Javier Cercas aborde ces évènements d'une manière non conventionelle. Ce livre n'est ni le livre d'un historien, bien que tout y soit rigoureusement exact, ni un roman puisque tous les personnages ont bien éxisté et que la trame de "l'histoire" ne doit rien à l'imaginaire de l'auteur.Dans un prologue à son livre Cercas explique sa démarche ; l'envie d'écrire un ouvrage sur le 23 février se heurtait au choix de la forme : étude historique ? roman ? Les protagonistes de ces évènements parurent alors à Cercas comme des personnages de roman. C'est le visionnage en boucle du film (le caméraman de la TV espagnole continua de filmer pendant les premières heures du coup d'état...) qui le lui confirma. On y voit en effet deux des principaux protagonistes de l'histoire, Adolfo Suarez le premier ministre démissionaire, et Santiago Carillo le communiste pur et dur, rester tous les deux inflexibles sur leur banc de parlementaire alors que tous leurs congénères s'étaient applatis au sol lorsque les gardes civils arrosèrent la salle du congrès de leurs mitraillettes. Cercas se demanda alors quelles pouvaient bien être les motivations de ces deux là. D'où des questionnements nombreux et contradictoires qui parcourent le livre qui se veut comme une dissection du coup d'état (Anatomie d'un instant).D'où s'en suit également un style confus qui met parfois la compréhension à mal....
Ceci dit ce livre est d'abord un bon outil pour comprendre, presque heure par heure, le déroulement du coup d'état, ses causes, ses raisons profondes, le poids de l'histoire....L'auteur se fait chercheur, pose des hypothèses,prend parti....
Il revient longuement sur le difficile accouchement de la démocratie espagnole . Celle-çi loin de s'être imposée, presque "naturellement" , fût le résultat d'un "gentleman's agreement" entre les franquistes "historiques" et les "libéraux" épaulés par le roi ; le principal article étant que jamais la "démocratie" ne devrait demander des comptes sur les temps passés... et ne jamais officialiser le Parti communiste..;(ce que Suarez fit pourtant ! ).
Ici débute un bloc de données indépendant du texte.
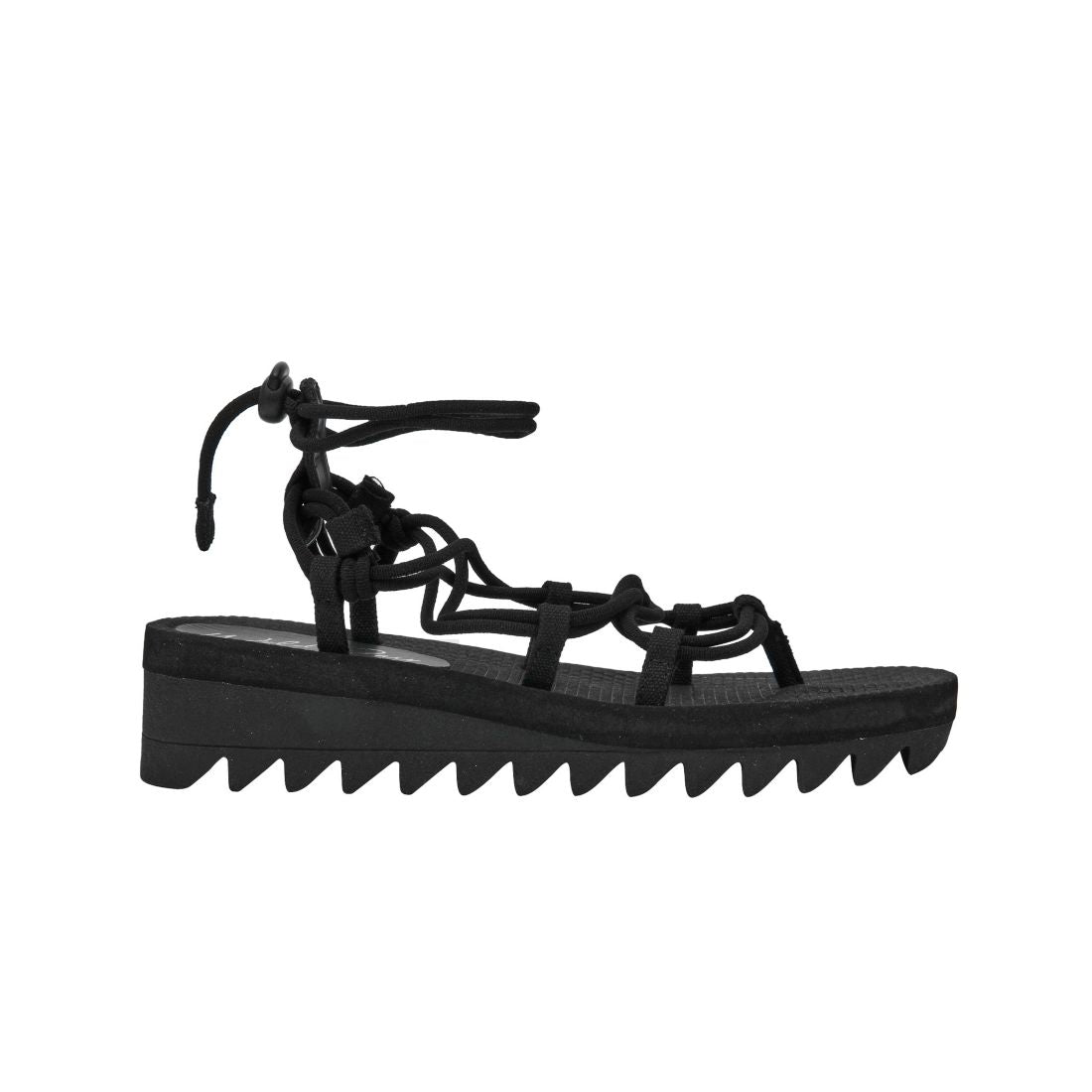 Wild Pair Women's Kitkaa Platform Lace-Up Sandals, Macy's Exclusive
On comprend alors que le coup d'état du 23 février 1981 ne fût pas un "golpe" d'opérette, malgré les gesticulations du Lieutenant-colonel Tejero ponctuées de sa voix de fausset...Derrière lui s'agitaient tout le ban et l'arrière ban des franquistes nostalgiques ; des militaires bien sûr, mais aussi des hommes de l'entourage du roi mus autant par la revanche que par l'ambition. Javier Cercas, au vu d'archives,soupçonne même le roi d'avoir, par un jeu trouble ou du moins par une passivité malheureuse, encouragé la rebellion.
Un livre qui intéressera les "afficionados" de l'Espagne et de son histoire.